Visualization #3: Number of leetcode premium questions

Visualize the bar graph showing the isPaid as x-axis and the count for each question as y-axis

ggplot(leetcode, aes(`isPaid`)) + geom_bar(color="grey", fill="grey") +
labs(title = "Premium sub and question counts") +
theme_minimal()

The graph displays the number of premium questions and non-premium ones.

Visualization #4: Combine the two bar charts

# make the plot
ggplot(leetcode, aes(x = `difficulty`, y = `total Submitted` + `total Accepted`, fill = isPaid)) +
  geom_bar( 
           stat="identity", position = "dodge", width = 0.7) +
  scale_fill_manual("isPaid\n", values = c("red","blue"), 
                    labels = c(" unpaid", " paid")) +
  labs(x="\ndifficulty",y="totalAttempts\n", title ="Total Attempts for each difficulty group related to premium service ") +              
  theme_bw(base_size = 14)

The graph displays under each difficulty catogery, how many questions are classified as premium and how many questions are classified as non-premium ones. We found that as the difficulty level increases from 1 to 3, there will be a higher portion of questions that are included in the premium service. From above, it is hard for us to determine whether the relationship will be linear or not, even though the trend can be applied to the situation when we compare easy to medium, medium to hard.

Among medium questions, there is more percent of submitted and accepted premium questions when compared to easy and hard. There are less percent of easy premium questions.

Visualization #5: Difficulty vs the average submission count sd

Visualize the bar graph showing the question difficulty as x-axis and the average submission count as y-axis, add standard error bars to visualize the uncertainty around your estimate

leetcode %>%
  group_by(difficulty) %>%
  summarize(mean.totoalSubmittedDifficult=mean(`total Submitted`), mean.totalAcceptedDifficult=mean(`total Accepted`), mean.totalAcceptedRate=(`mean.totalAcceptedDifficult`/`mean.totoalSubmittedDifficult`), sd.totalSubmitted=sd(`total Submitted`))
# A tibble: 3 × 5
  difficulty mean.totoalSubmittedDi… mean.totalAccep… mean.totalAccep…
       <dbl>                   <dbl>            <dbl>            <dbl>
1          1                 418797.          213609.            0.510
2          2                 269992.          119730.            0.443
3          3                 155624.           58597.            0.377
# … with 1 more variable: sd.totalSubmitted <dbl>
ggplot(leetcode, aes(x = `difficulty`, y = `total Submitted`)) +
    geom_bar(stat="identity", fill="blue", position=position_dodge()) +
    geom_errorbar( aes(ymin=`total Submitted`-533771, ymax=`total Submitted`+533771), colour="blue", position=position_dodge(.9)) +
  labs(title = "Difficulty vs the average submission count sd") 

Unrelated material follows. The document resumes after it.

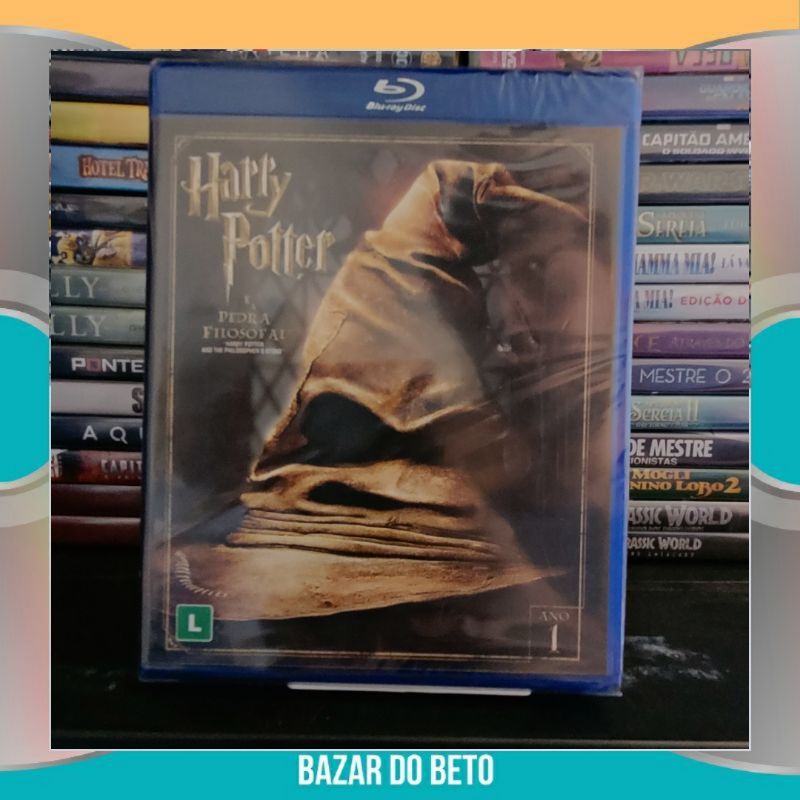 Bluray Filme Harry Potter e a Pedra Filosofal (2001)- Duplo (Original Lacrado)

The graph has variables including question difficulty and the average for total submitted. In addition, we added a standard error bar to the bar chart which used the variable we got previous as the input std. The generic relationship between question difficulty and total submitted attempts are fairly linear for each difficulty level applies.

Visualization #6: Difficulty versus TotalSubmittedAttempts boxplot

Replace the numeral value in difficulty, recode leetcode to make a boxplot and the result should be three separate box plots for different values of difficulty and paid subscription.

Visualize the boxplot graph showing the relationship between question difficulty and the count for total submitted each question as y-axis.

leetcode<-mutate(leetcode, trueDifficulty = recode(difficulty, `1` = "easy", `2` = "medium", `3` = "difficult"))

ggplot(leetcode, aes(x = `trueDifficulty`, y = `total Submitted` ,fill = isPaid)) + 
  geom_boxplot() +
   labs(title = "Difficultity vs.TotalSubittedAttempts ", y = "total submmitted attempts", x = "difficulty level") +
   facet_wrap(~ isPaid)

The graph has variables including question difficulty and the count for total submitted. We found that for non-premium users who do not have access to paid questions, there is a clear correlation with difficulty level and total submitted attempts but not that obvious in the case of premium users. As in the premiums one, the highest outliers belong to the medium difficulty instead of easy.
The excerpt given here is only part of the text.